Vehicles typically carry a spare tire, already mounted on a rim, to be used in the event of flat tire or blowout. Many spare tires (sometimes called "doughnuts") for modern cars are smaller than normal tires (to save on trunk space, gas mileage, weight and cost) and should not be driven very far before replacement with a full-size tire. A few modern vehicle models may use conventional spare tires. Jacks and for emergency replacement of a flat tire with a spare tire are included with a new car. Not included, but sometimes available separately, are hand or foot pumps for filling a tire with air by the vehicle owner. Cans of pressurized "gas" can sometimes be bought separately for convenient emergency refill of a tire. Some modern cars and trucks are equipped with run flat tires that may be driven with a puncture over a distance of 80 km to 100 km. This eliminates the need for an immediate stop, and the associated expensive tow service or tire change.

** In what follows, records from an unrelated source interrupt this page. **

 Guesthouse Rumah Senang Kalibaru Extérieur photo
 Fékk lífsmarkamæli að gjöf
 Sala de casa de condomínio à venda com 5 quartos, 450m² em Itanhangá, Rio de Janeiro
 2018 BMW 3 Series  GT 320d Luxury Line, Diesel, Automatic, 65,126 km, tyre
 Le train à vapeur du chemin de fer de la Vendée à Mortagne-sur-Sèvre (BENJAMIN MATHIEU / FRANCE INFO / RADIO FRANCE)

Front tires, especially on front wheel drive vehicles, have a tendency to wear out more quickly than rear tires. Routine maintenance including tire rotation (exchanging the front and rear tires with each other) is often done periodically to facilitate uniform tire wear. There are simple hand-held tire-pressure gauges which can be temporarily attached to the valve stem to check a tire's interior air pressure. This measurement of tire inflation pressure should be made at least once a month. The properinflation pressure is located in the owner's manual and on the Tire Placard. Because of slow leaks or changes in weather or other conditions tire pressure may occasionally have to be corrected, usually via the valve stem with compressed air which is often available at service stations.

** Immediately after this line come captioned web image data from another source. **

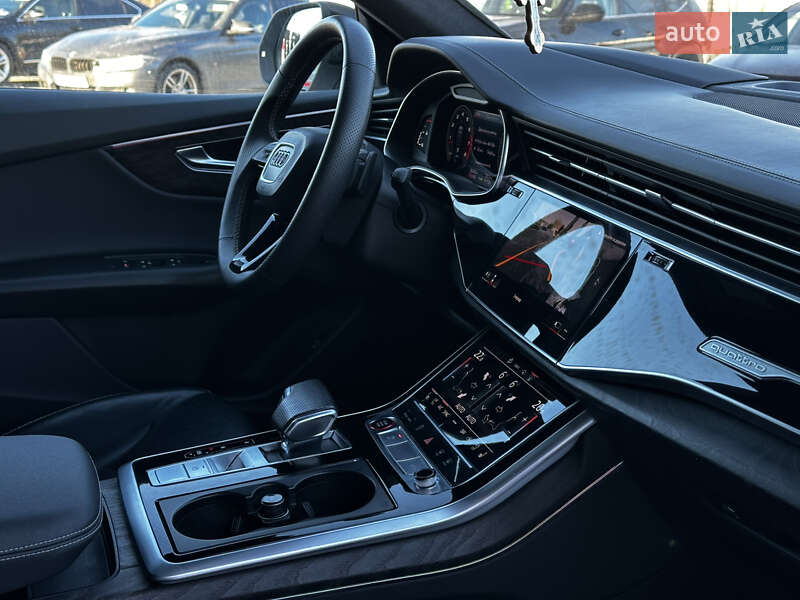 Внедорожник / Кроссовер Audi Q8 2021 в Львове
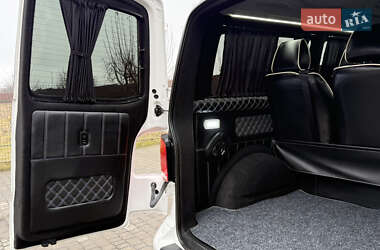 Мінівен Volkswagen Transporter 2020 в 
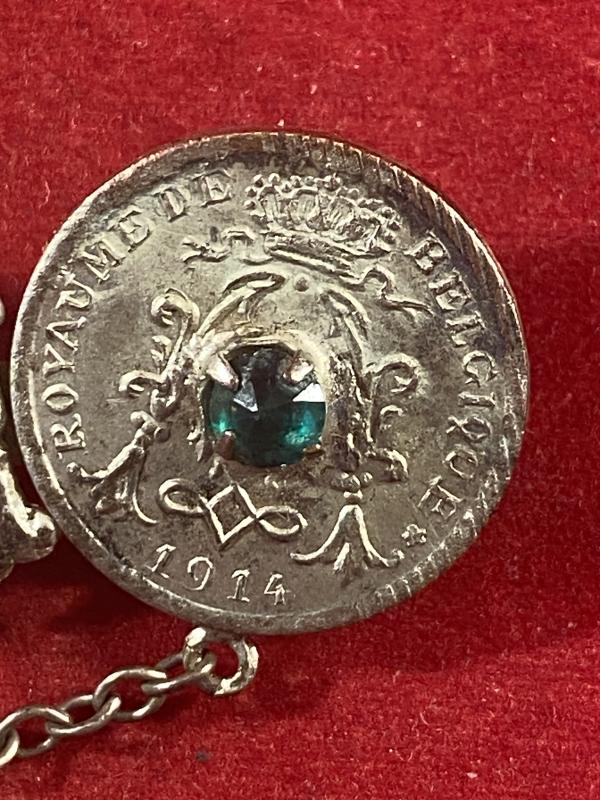 WW1 Belgium Trench Art Sweetheart 1914 Coin Brooch with green and Red Paste Stones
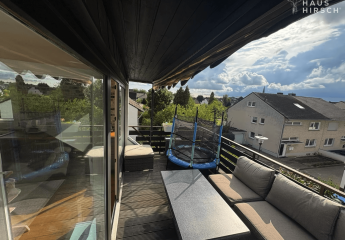 Drei Zimmer Dachgeschosswohnung mit Balkon in bester Lage von Köln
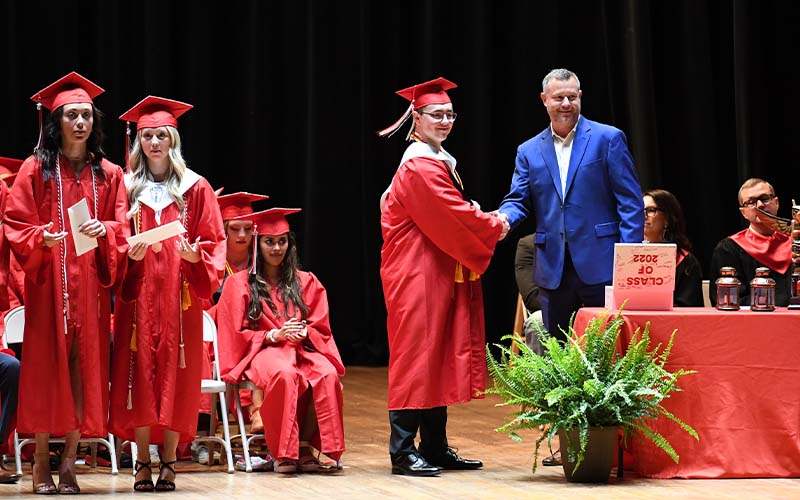 Lone Oak Scholarship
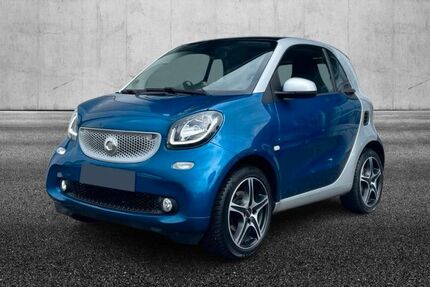 Smart ForTwo 97.650 km 10.200 € Berlin 10777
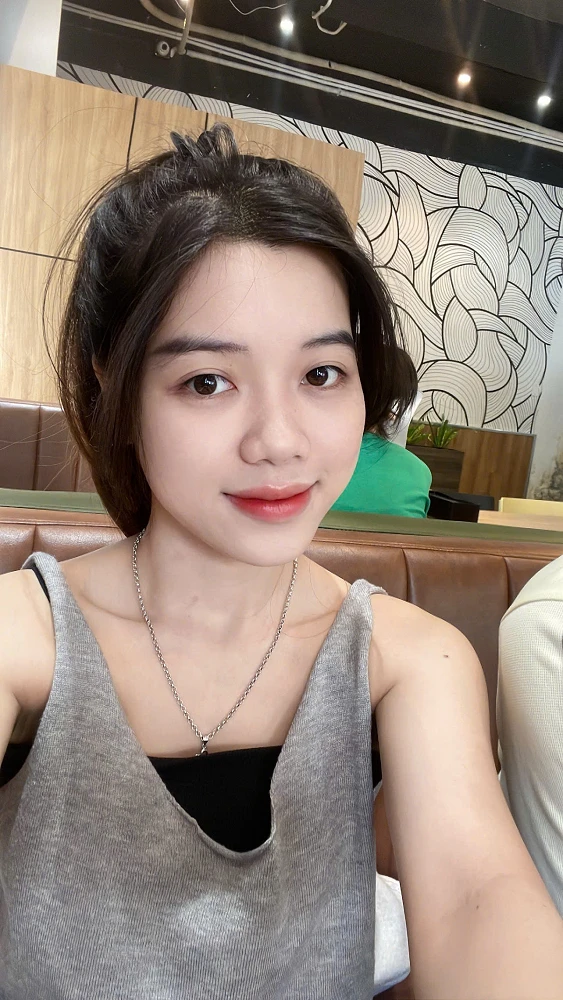 Anky | Private Guide in Da Nang | Vietnam Local Guide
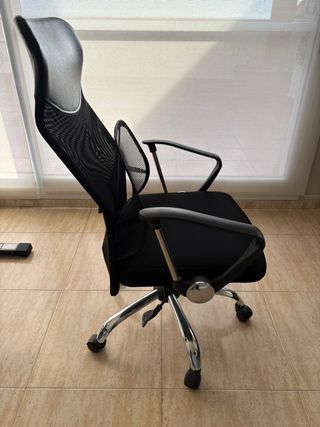 Silla de oficina ergonómica negra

Some modern cars now incorporate automatic tire pressure sensing with a warning light indicating when tires have become dangerously deflated. These systems use the measurements from the wheel speed sensors at each wheel. Since a partially deflated tire has a slightly smaller diameter than a correctly inflated tire, the car ABS computer can check that all four wheels make approximately the same number of rotations when averaged over many miles of driving. If one wheel consistently makes more rotations than the others then it must be deflated, and the warning light is lit. However, vehicle operators should not wait for the low pressure warning light to illuminate before they check their tire pressures. In most cars the tire pressure sensing must be reset (typically by holding down a button) whenever the tire pressure is corrected. Tires may gradually lose pressure in all four wheels simultaneously, a situation that the pressure sensing system cannot detect. Road holding and fuel economy may be compromised by a smaller loss of pressure than the sensor is able to detect. An alternate system directly measures the inflation pressure of the tire.